Under the proposals investors will be able to buy CDO assets rated double-A or above and, provided they are held to maturity, completely ignore changes in their market value, an idea which is intrinsically appealing to volatility-shy Japanese investors. Of course, if an investment goes below double-A, it will automatically begin to affect an investor's profit and loss statement. But given the trend towards managed transactions, that is seldom likely to be the case.
Although bankers and investors are still working out the implications of the Accounting Standards Board of Japan's move, it could open the door to a wider range of new investors, and greater investment from existing players. Insurance companies in particular are likely to take advantage of the change to substantially increase their holdings of CDOs. They have previously focused much of their substantial investment firepower on the low-yielding domestic bond market, usually government bonds.
Bankers expect existing buyers of CDOs to recognise the benefits, and reduced risks, of taking longer views and gravitate towards longer-dated issuance: out to seven or 10 years rather than five years and below, which is common to most existing CDO structures sold in Japan.
The only caveat to the rapid uptake of CDOs by investors attracted by the prospects of higher returns and no mark-to-market is the requirement of CDOs to be rated by two agencies. Costs for issuers are likely to increase as a result of the requirement, as will the time it takes to get deals to market. In addition, the huge numbers of outstanding CDOs with only one rating are unlikely to benefit from the change.
Japan's CDS market: the tail wagging the dog
In most markets around the world, it has been the growth of corporate bond issuance - and the consequent requirement by investors to hedge risk - that has led to the development of credit derivatives. By contrast, in Japan the development of CDS and other instruments appears to be driven by the growth of the structured credit market: as one banker notes, a case of the tail wagging the dog.
To be sure, the credit derivatives market is small and internationally insignificant at the moment. Figures from the Bank of Japan show that the notional amount of outstanding credit default swaps was $98 billion at the end of 2005 up from $27.7 billion a year earlier. That compares with a global market of $17.1 trillion at the end of 2005, according to the International Swaps and Derivatives Association.

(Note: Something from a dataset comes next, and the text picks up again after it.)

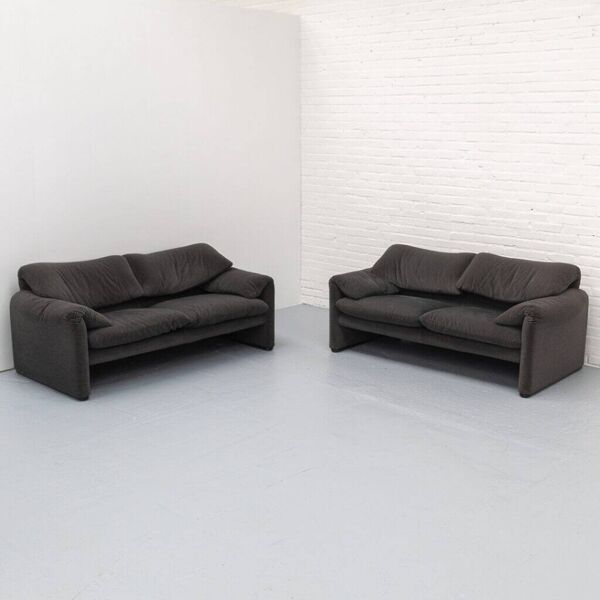 Canapé deux places Cassina Maralunga, années 1980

Moreover, the Japanese market is overwhelmingly focused on inter-dealer transactions, which accounted for 80% of notional amounts outstanding at the end of 2005, with other financial institutions, principally institutional investors, constituting the remainder. However bankers believe structured credit investment could stimulate interest in a broader range of credit products in Japan.

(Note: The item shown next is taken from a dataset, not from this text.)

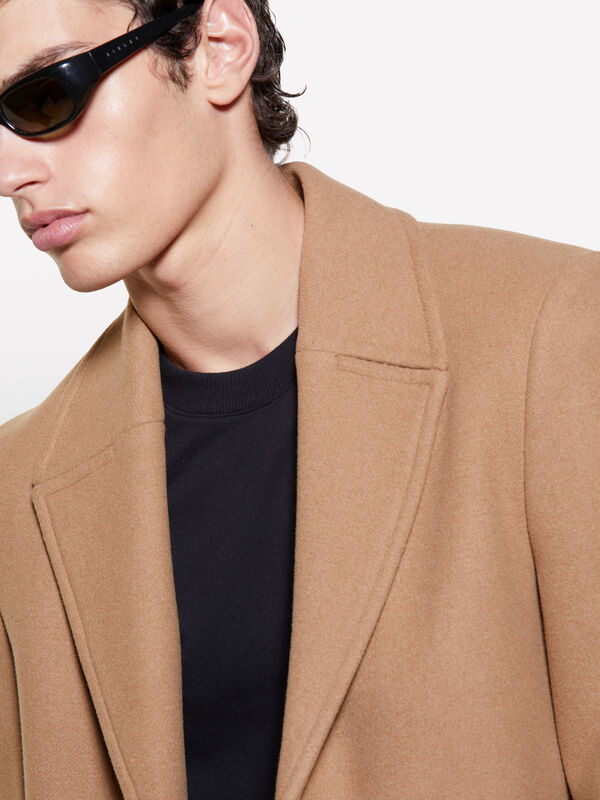 Long camel single-breasted coat - men's coats | Sisley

A growing band of investors and other financial players have begun to take note of credit default swaps and other credit derivatives as they have become more involved in structured credit investment. Although few investors would consider hedging CDO investments, the necessity of understanding the underlying constituents of synthetic CDOs has given increased prominence to CDS.
A growing acceptance?
While a growing awareness of credit derivatives is undoubtedly to be welcomed, it is of little comfort to those who would like to see the credit market in Japan develop faster. While growth has been rapid - notional volumes more than doubled in 2005 - there is little evidence of widespread acceptance of CDS or other instruments. "We are years away from a situation where fund managers are going to go to their credit committees to talk about using CDS," says one banker.
Unsurprisingly, given recent credit events involving Sanyo and Softbank (see box opposite), what little interest there is in CDS has been focused on the single-name market, where liquidity can be found out to 10 years - although Yen500 million five-year notionals are the most common instrument. However, even in the single-name market liquidity is limited and bankers say there is an absence of differentiation between credits, which hinders the uptake of CDS for hedging.

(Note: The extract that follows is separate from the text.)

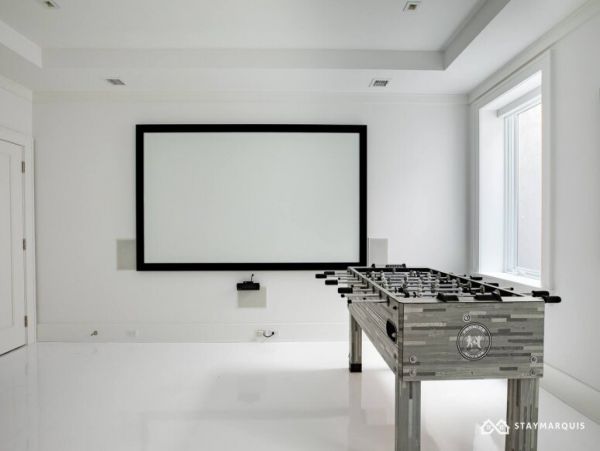 Hamptons Home 1020340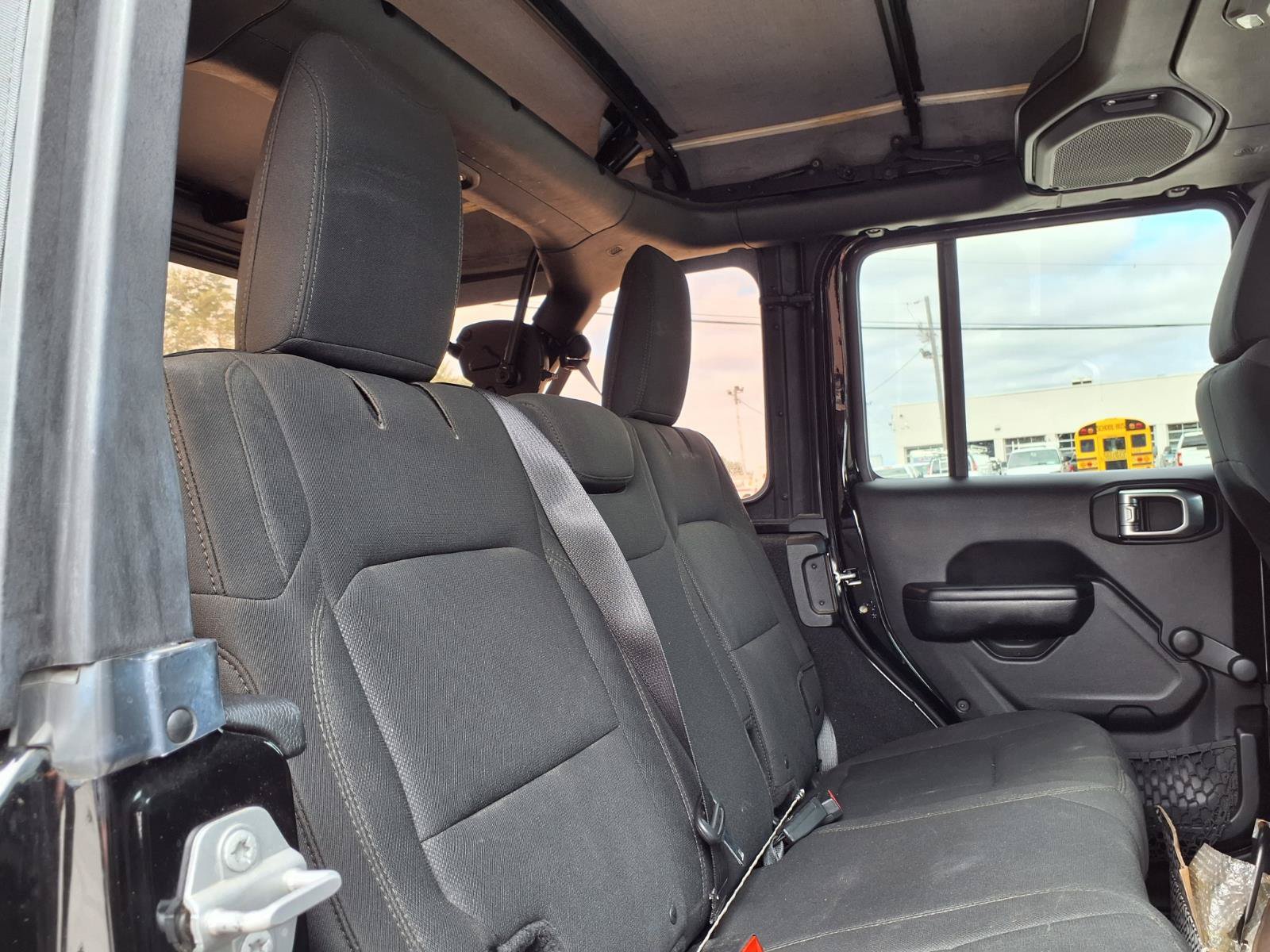 Used 2018 Jeep Wrangler Unlimited Sport AWD/4WD image 18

Meanwhile the Dow Jones iTraxx Credit Japan, an index referenced to 50 major Japanese entities, formed by the merger of BNP Paribas' CJ50 index and JPMorgan and Morgan Stanley's Dow Jones Trac-x Asia in 2004, is even more illiquid and is generally considered irrelevant by many financial players. Among its sub-indices, only financials show any signs of liquidity, according to bankers.
One demonstration of the lack of importance of the Dow Jones iTraxx CJ to the credit market in Japan was the collapse in volumes following Sanyo Electric's dramatic widening. Trading volumes on the index fell by 50% at the back end of 2005. "It was emblematic of the irrelevance of the index to most financial players," says one banker. "Obviously Sanyo was a major component of the index and you can understand how its widening would put some investors off. But markets are about opportunities and no one saw the opportunities - or wanted to take advantage of them - given the spread widening. A drop in volumes couldn't have happened in comparable circumstances in Europe or the US. Indeed, volumes would have gone up."
Rob Breden, head of Asia credit trading and structuring at Morgan Stanley, strikes a more optimistic note. He says there is potential for dramatic growth in both single-name and index CDS in the future as Japanese banks begin to use derivative products for credit portfolio management and to manage capital and economic risk.
Spread volatility, notes Breden, is limited by both a lack of credit events and the nature of Japanese investors: they typically have a buy-and-hold mentality and will not necessarily change their position on the back of significant good or bad news. A notable exception to this is when a credit is downgraded to junk, causing it to drop out of investment-grade portfolio mandates; this usually precipitates a swift selling reaction among Japanese investors.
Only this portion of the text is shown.